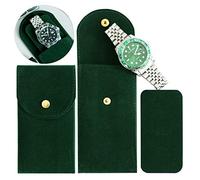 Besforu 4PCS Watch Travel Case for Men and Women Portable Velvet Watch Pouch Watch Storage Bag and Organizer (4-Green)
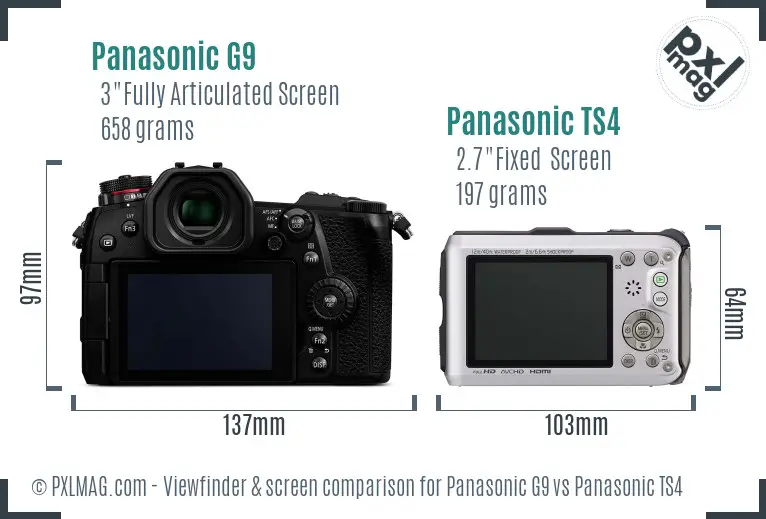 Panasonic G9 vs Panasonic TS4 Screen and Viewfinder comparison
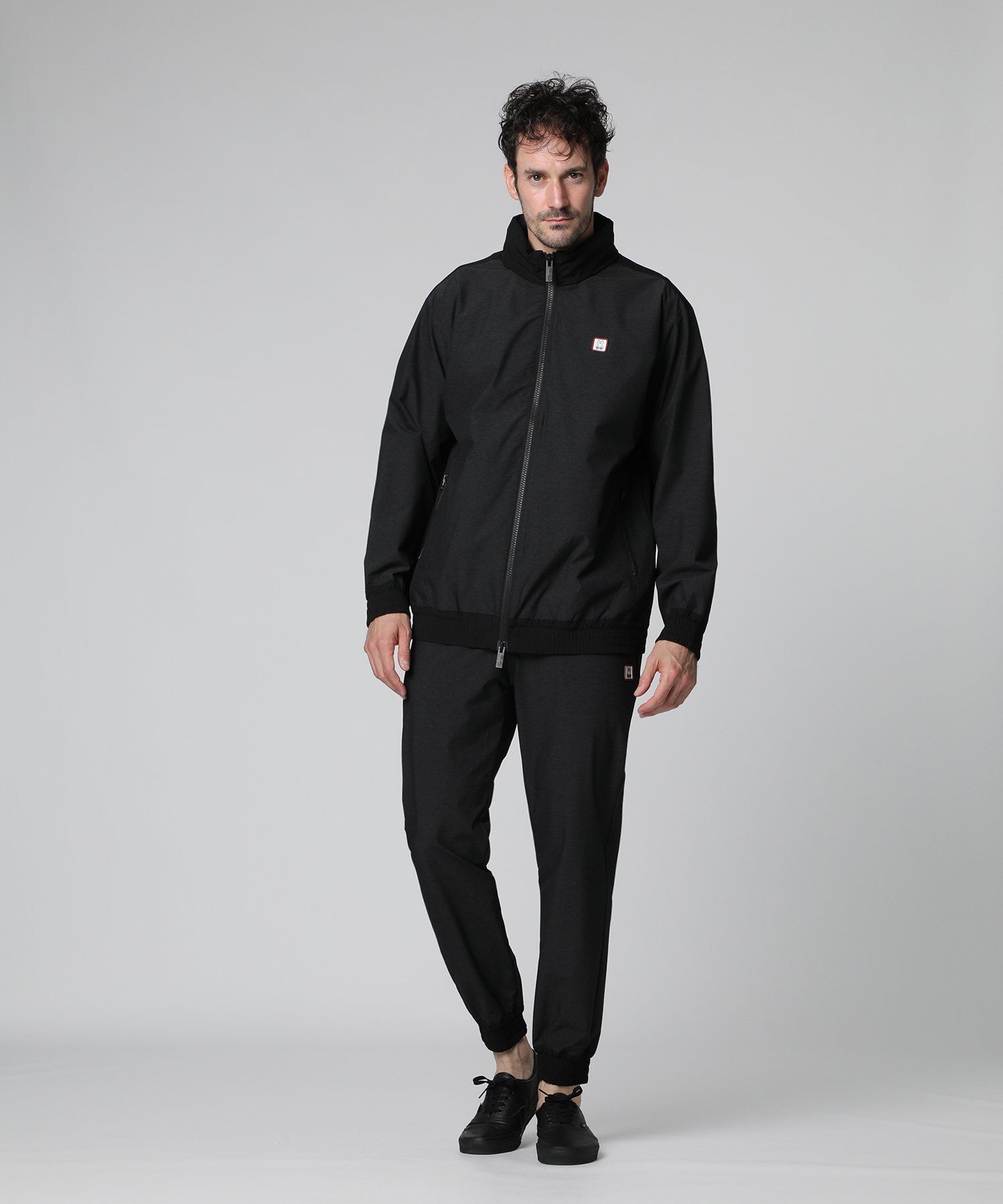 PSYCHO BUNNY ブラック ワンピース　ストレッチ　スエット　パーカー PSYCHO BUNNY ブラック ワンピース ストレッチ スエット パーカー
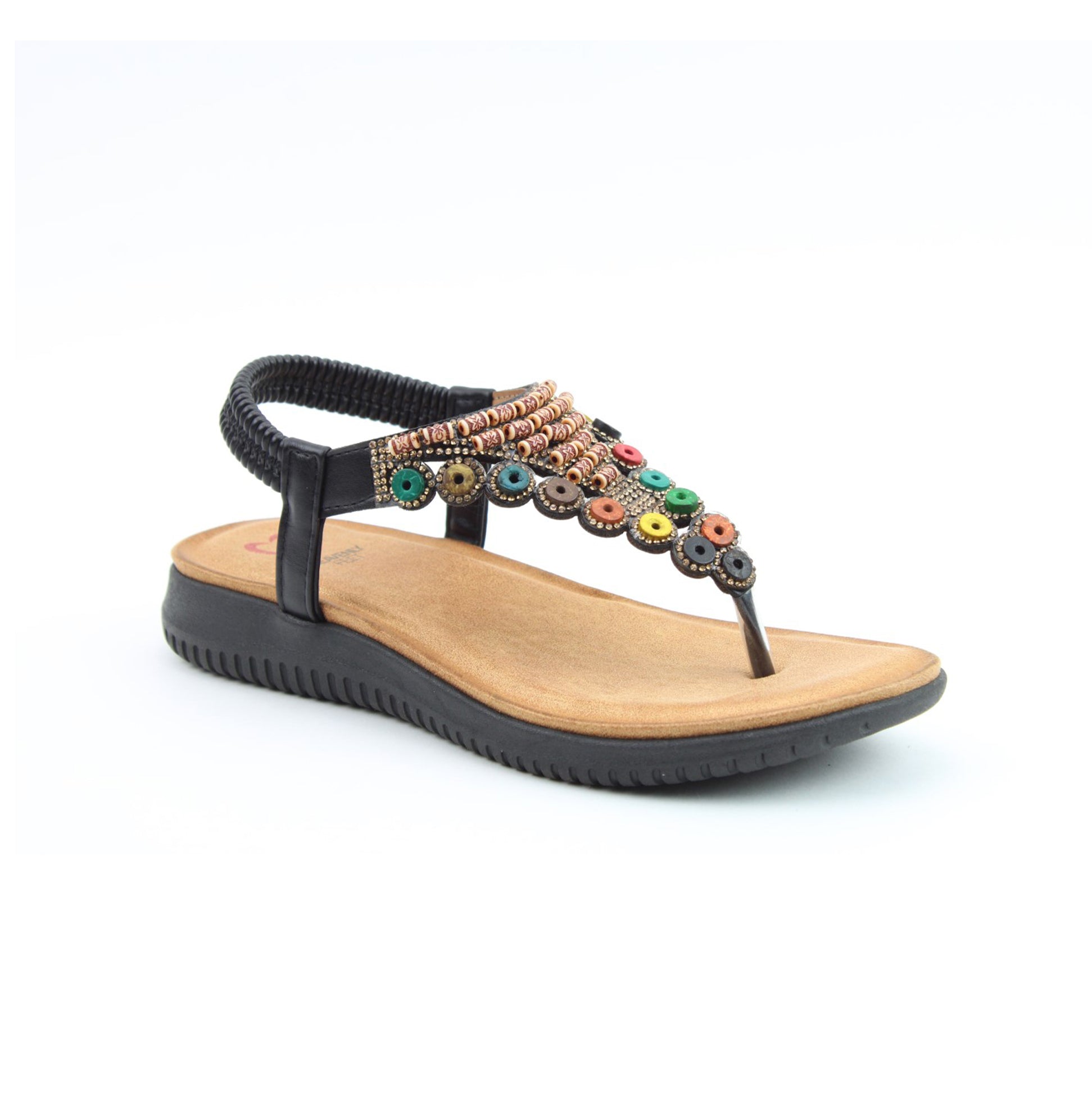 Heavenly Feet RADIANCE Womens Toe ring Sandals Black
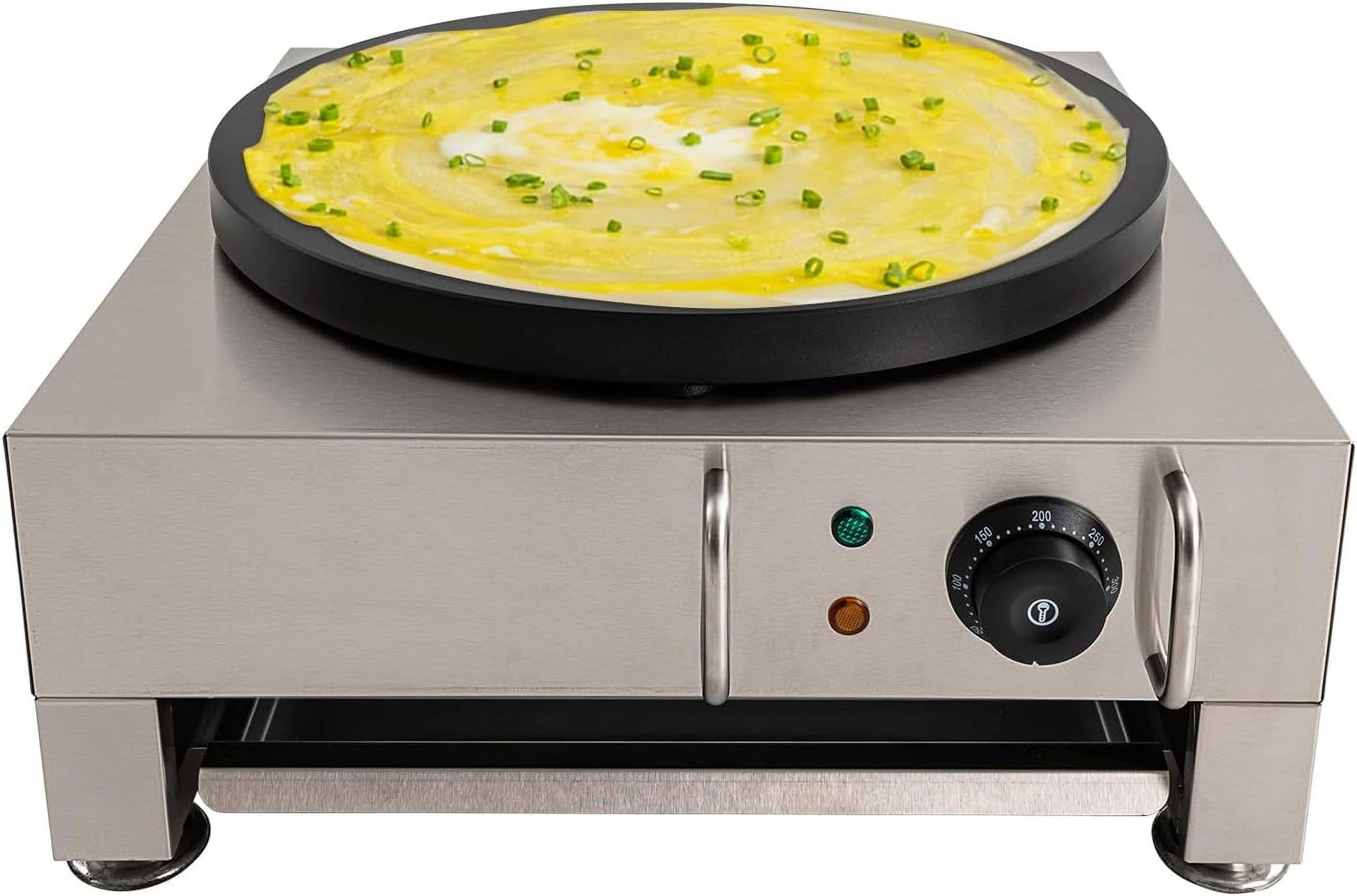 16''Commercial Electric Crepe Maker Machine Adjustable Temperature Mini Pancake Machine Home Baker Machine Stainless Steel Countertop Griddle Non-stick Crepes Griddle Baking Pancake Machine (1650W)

What this task involves – Would you give the data above again word for word, minus the pictures?

Task solution –
 Besforu 4PCS Watch Travel Case for Men and Women Portable Velvet Watch Pouch Watch Storage Bag and Organizer (4-Green)
 Panasonic G9 vs Panasonic TS4 Screen and Viewfinder comparison
 PSYCHO BUNNY ブラック ワンピース　ストレッチ　スエット　パーカー PSYCHO BUNNY ブラック ワンピース ストレッチ スエット パーカー
 Heavenly Feet RADIANCE Womens Toe ring Sandals Black
 16''Commercial Electric Crepe Maker Machine Adjustable Temperature Mini Pancake Machine Home Baker Machine Stainless Steel Countertop Griddle Non-stick Crepes Griddle Baking Pancake Machine (1650W)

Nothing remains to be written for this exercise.